Thousands of women are to take to the streets of London on the first day of Donald Trump's presidency (21 January 2017) in one of many women-led marches taking place around the world.
More than 600 sister marches are taking place in 50 US states and worldwide to coincide with the Women's March on Washington, DC, which aims to protect fundamental human rights and safeguard "freedoms threatened by recent political events".
Here is everything you need to get involved with the Women's March on London.
When is it?
The march is to take place at 12pm on Saturday 21 January.
Why is the march taking place?
The organisers of the event are calling for people to take part in the women-led march to protest against a "politics of fear" sparked by the US presidential election.
"We will march, wherever we march, for the protection of our fundamental rights and for the safeguarding of freedoms threatened by recent political events. We unite and stand together for the dignity and equality of all peoples, for the safety and health of our planet and for the strength of our vibrant and diverse communities," the organisers state.
"We will come together in the spirit of democracy, honouring the champions of human rights who have gone before us. Please spread the word, so that our numbers are too great to ignore and the message to the world is clear."
What is the route of the march?
The event will start at 12pm with opening speeches in front of the US Embassy at 24 Grosvenor Square, after which the march proper is to commence. The route is approximately two miles long. A rally will take place in Trafalgar Square from 2pm to 3.30pm.
No toilets will be provided, but there are public toilets along the route of the march. The route and the toilets are outlined on the map below.

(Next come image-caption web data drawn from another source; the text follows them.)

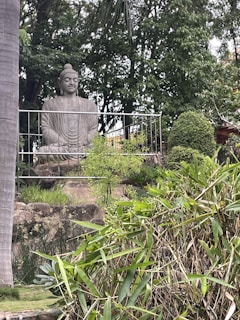 Huli Ajja statue standing watch over the tranquil meditation gardens embraced by nature’s greenery.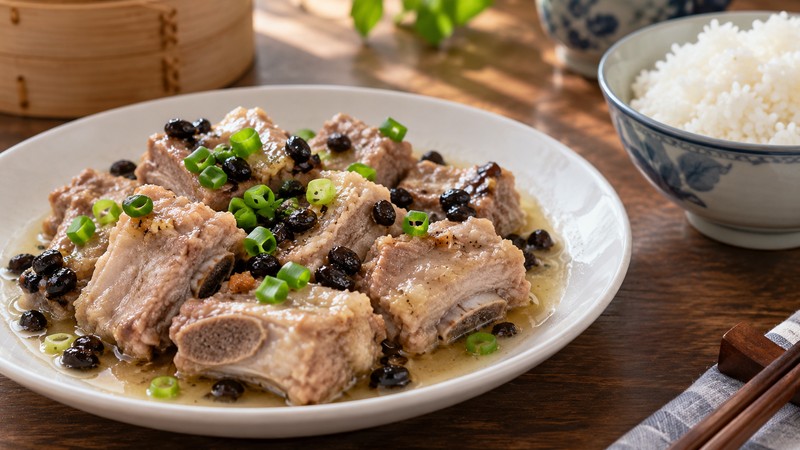 Steamed spare ribs with black beans and scallion in a shallow plate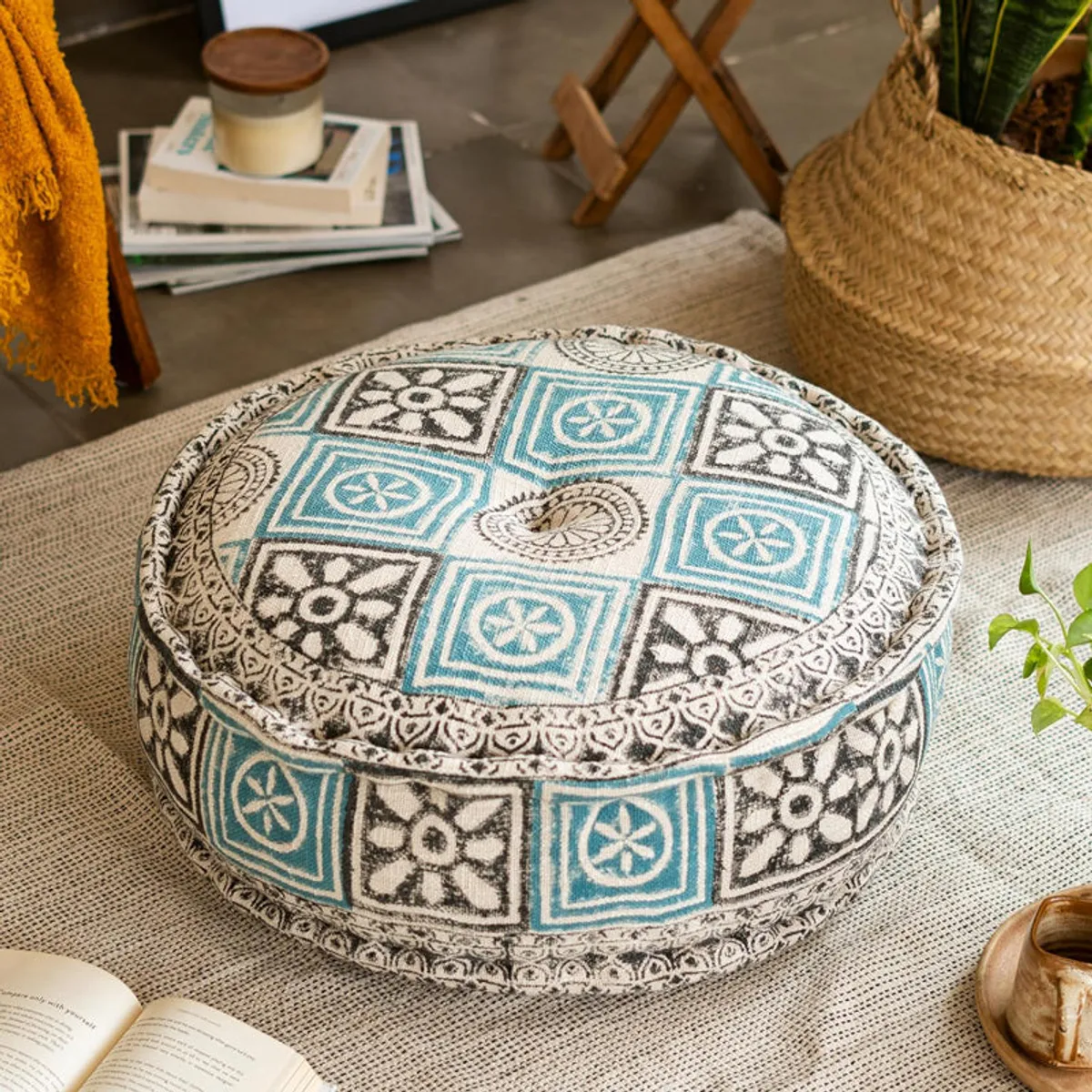 Round blue and cream patterned cushion styled with plants, books and a mustard throw.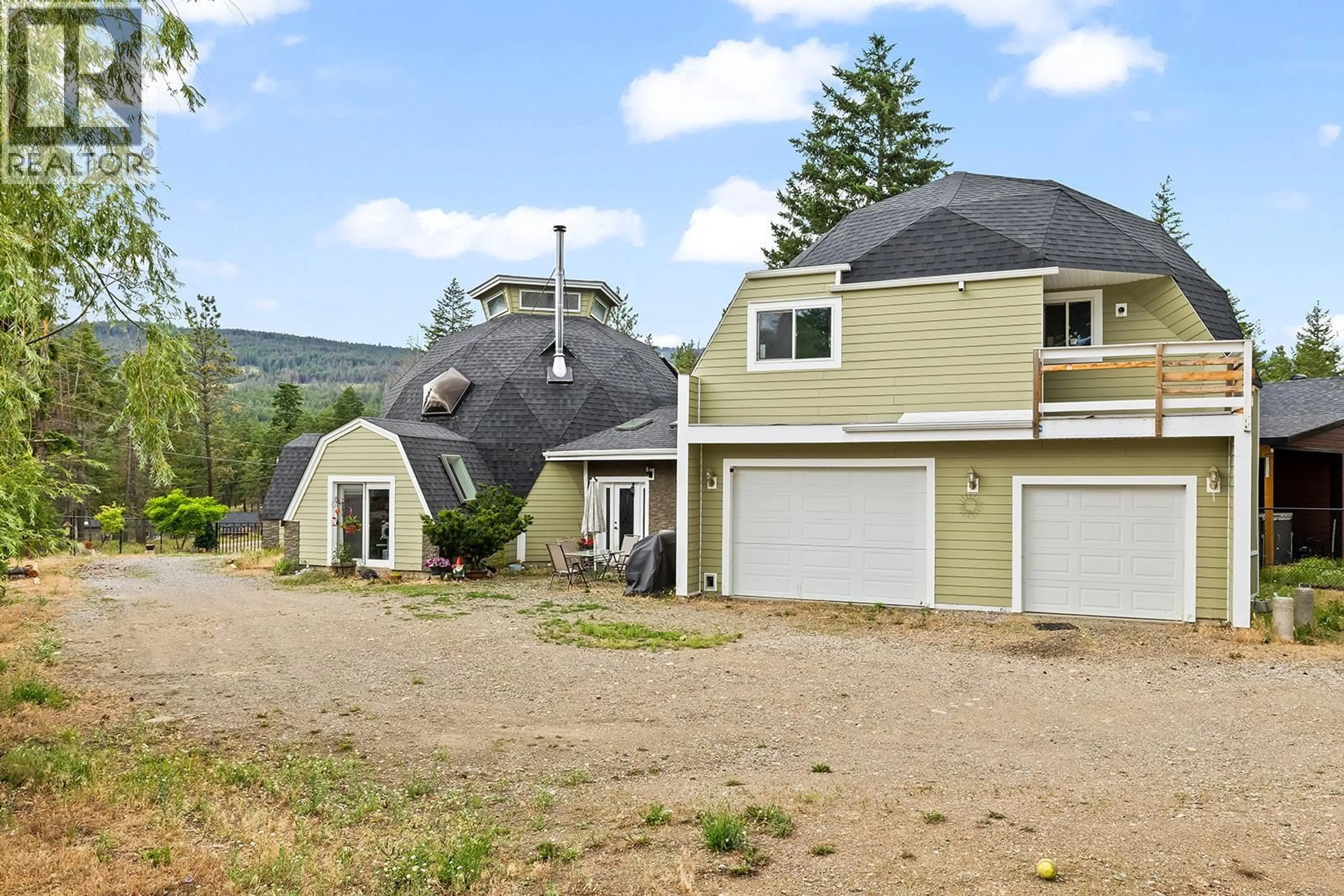 A pic from outside/outdoor area/front of a property/back of a property/a pic from drone, mountain view for 7172 DUNWATERS ROAD, Kelowna British Columbia V1Z3W5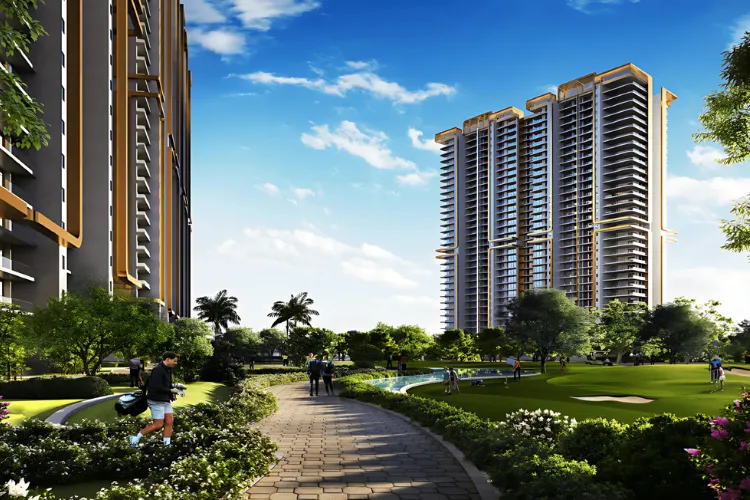  A bright, daytime architectural rendering of the M3M Mansion residential complex. The image shows two modern high-rise towers flanking a meticulously landscaped central park area with walking paths, lush green grass, trees, and a water feature. Several people are depicted strolling or playing golf in the recreational space, set against a vibrant blue sky with scattered clouds.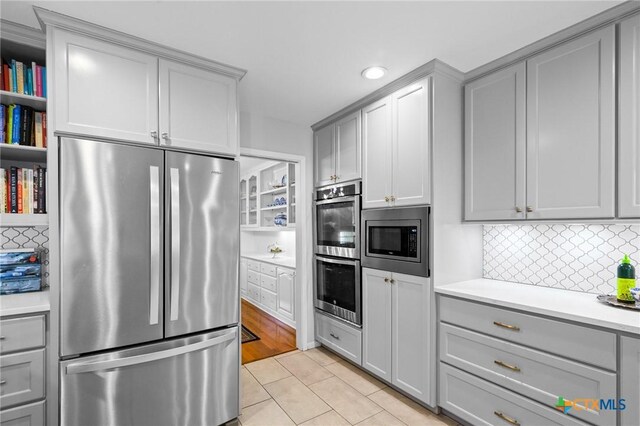 407 Pasadena Dr, Victoria, TX 77904 - kitchen featuring appliances with stainless steel finishes, gray cabinetry, light countertops, backsplash, and recessed lighting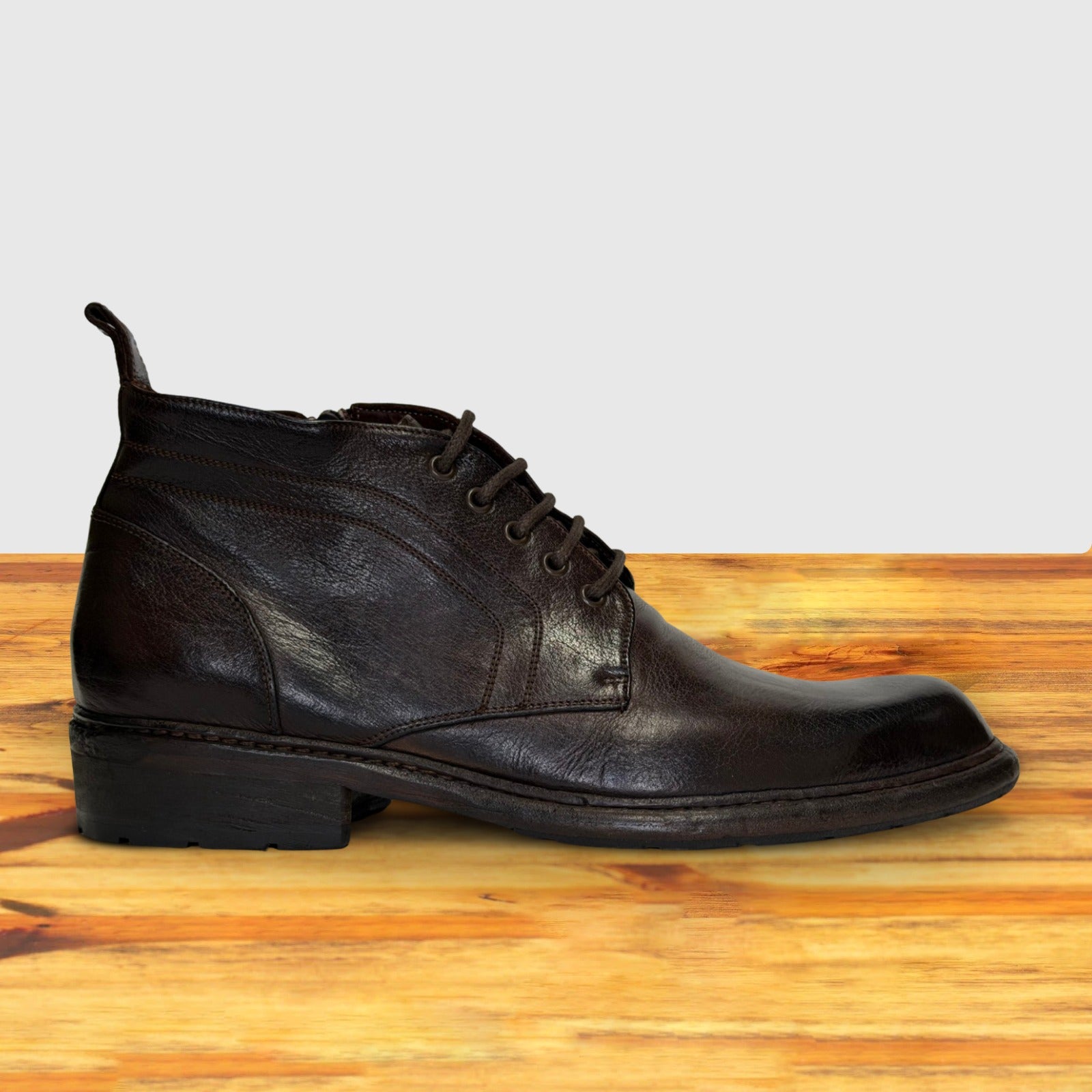 A dark brown leather lace-up ankle boot with a low stacked heel, shown in profile on a wooden surface against a light gray background.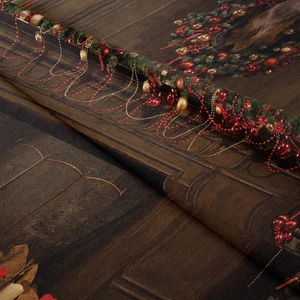 Close-up of bohemian Christmas tapestry fabric showing festive wreath print and texture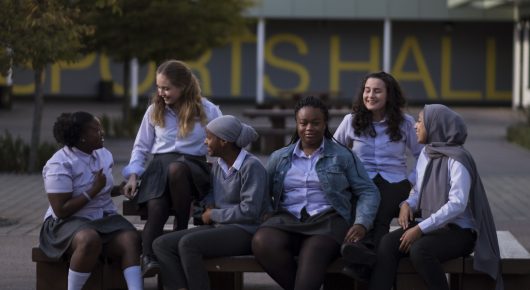 Still from Rocks: a group of schoolgirls sit on a bench outside a building, talking and laughing.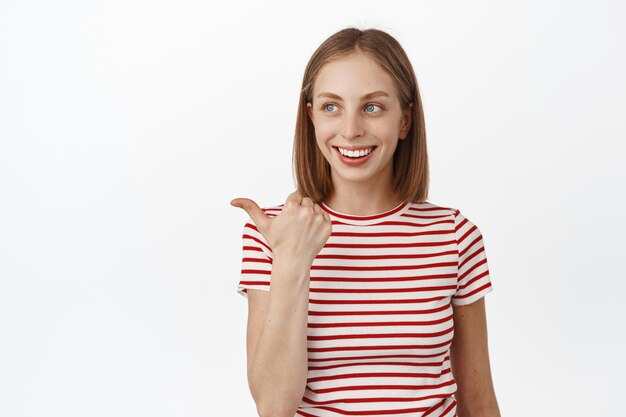 Beautiful young woman with short blond hair, pointing and looking left, reading promo text with pleased happy smile, standing in striped t-shirt over white background.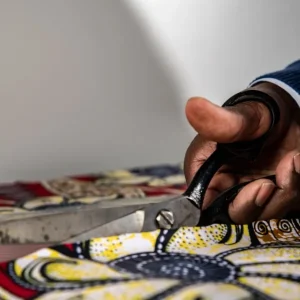 scissor cutting fabric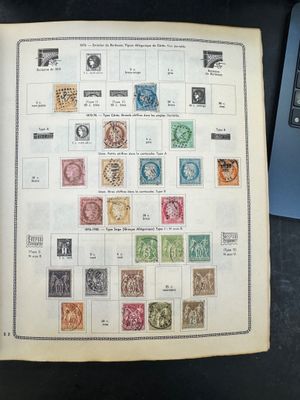 un livre ouvert, orné de timbres, à côté d'un ordinateur portable
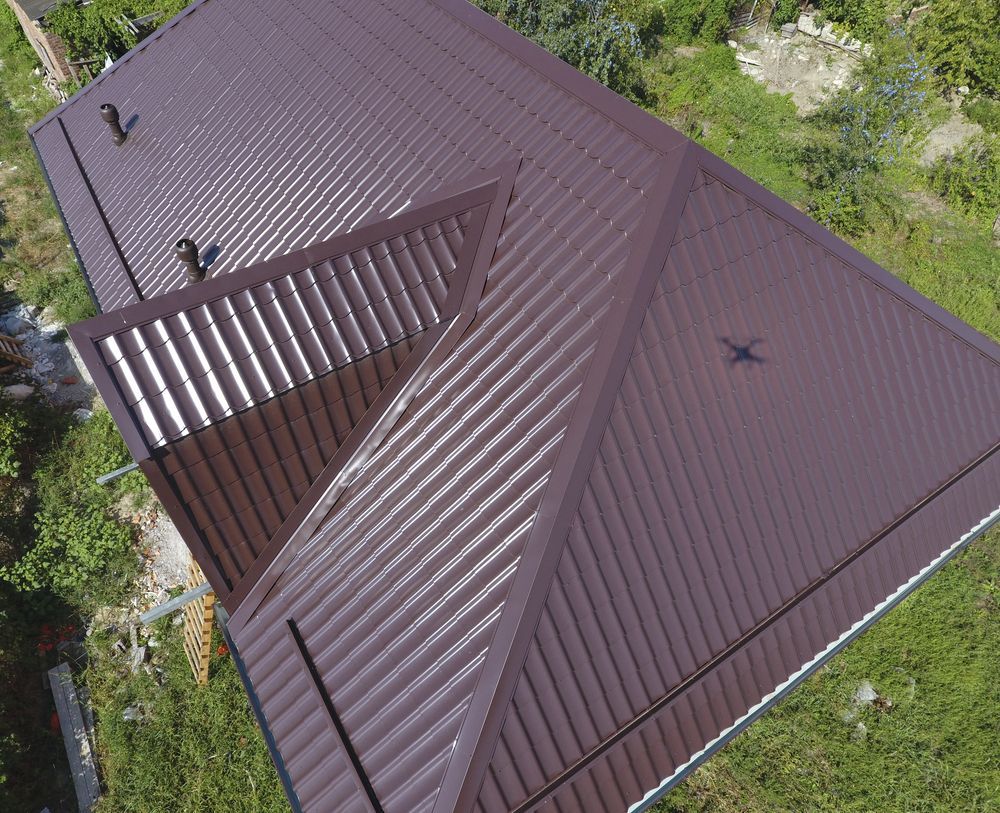 Brown Metal Roof on a Building, Angled View, Outdoors — Coffs Coast Roofing In Grafton, NSW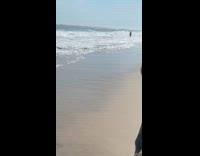 Friend runs after girl beach sand video 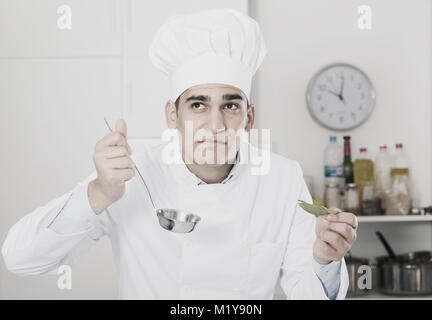 Mâle est degustating soupe sur cuisine. Banque D'Images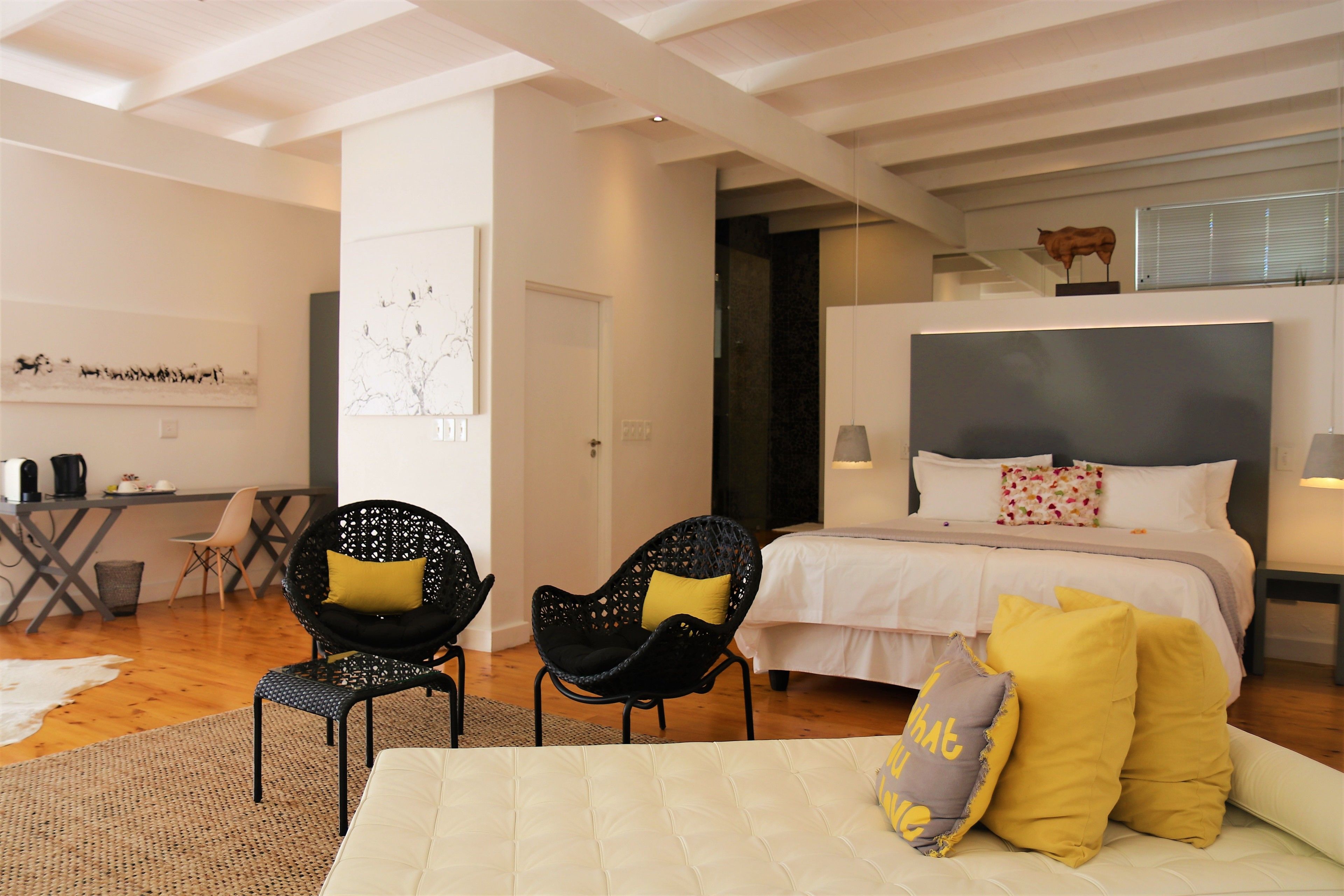 A modern bedroom with a large bed, two black chairs with yellow cushions, a white sofa, and a desk with a chair.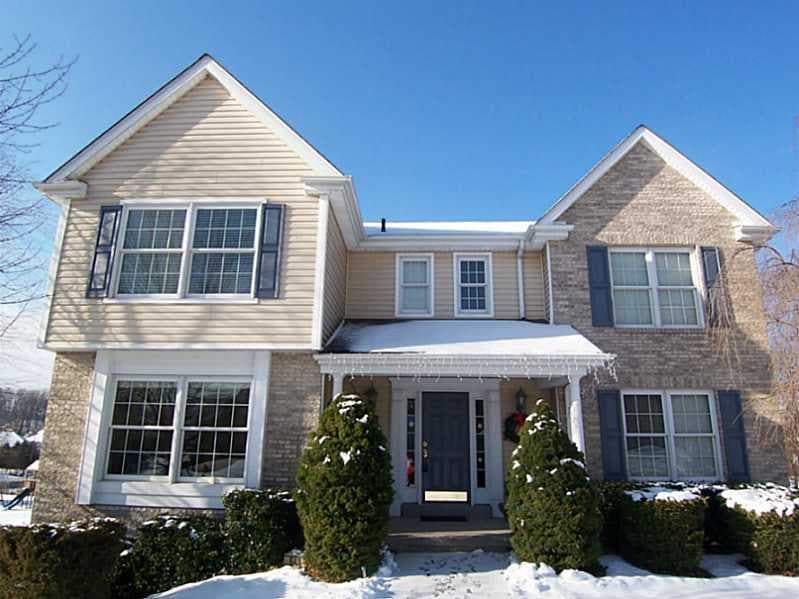 Exterior Front. Covered entry and no maintenance b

What is the easiest way to get there?
Via London Underground, the closest stations to the starting point are Bond Street, Marble Arch, Oxford Circus and Green Park. The Jubilee line is not running. National Rail stations include Paddington, Euston, Victoria and St Pancras/King's Cross.
Is it just for women?
No, everyone is welcome.
Is it appropriate to bring children?
Yes: there is a designated children's area beside the US Embassy where young marchers can get their face painted and do arts and crafts.
The website reads: "Young marchers, please remind your grown-ups to look out for the BLUE placards when we start forming up at 12.30pm and commence the march. You'll be marching directly behind the GREEN group. You may of course prefer to march further back in the procession as part of the general ORANGE group, and that's just fine, too."
What information is available for disabled people?
North Audley Street is marked for people with access needs. If you want to, you can meet a disability access steward at the corner of North Audley Street and Grosvenor Square. Dedicated disability access stewards is to be available throughout the day.
The stewards are there to help you access the event but will not be able to provide any self-care needs. There will also be a viewing area beside the stage in front of the embassy for those wishing to use it.
For those who prefer a shorter route, there are drop off points for people joining the march on Pall Mall from the north, at the bottom of Regent Street; from the south, Waterloo Place. There will be access stewards with green placards here. It is recommended to be here by 1.20pm in order to join the other marchers heading towards Trafalgar Square.
Which other marches are taking place in the UK?
There are sister rallies organised in Bangor, Barnstable, Belfast, Cardiff, Edinburgh, Lancaster, Leeds, Liverpool, Manchester, Shipley, Southampton, St Austell and York.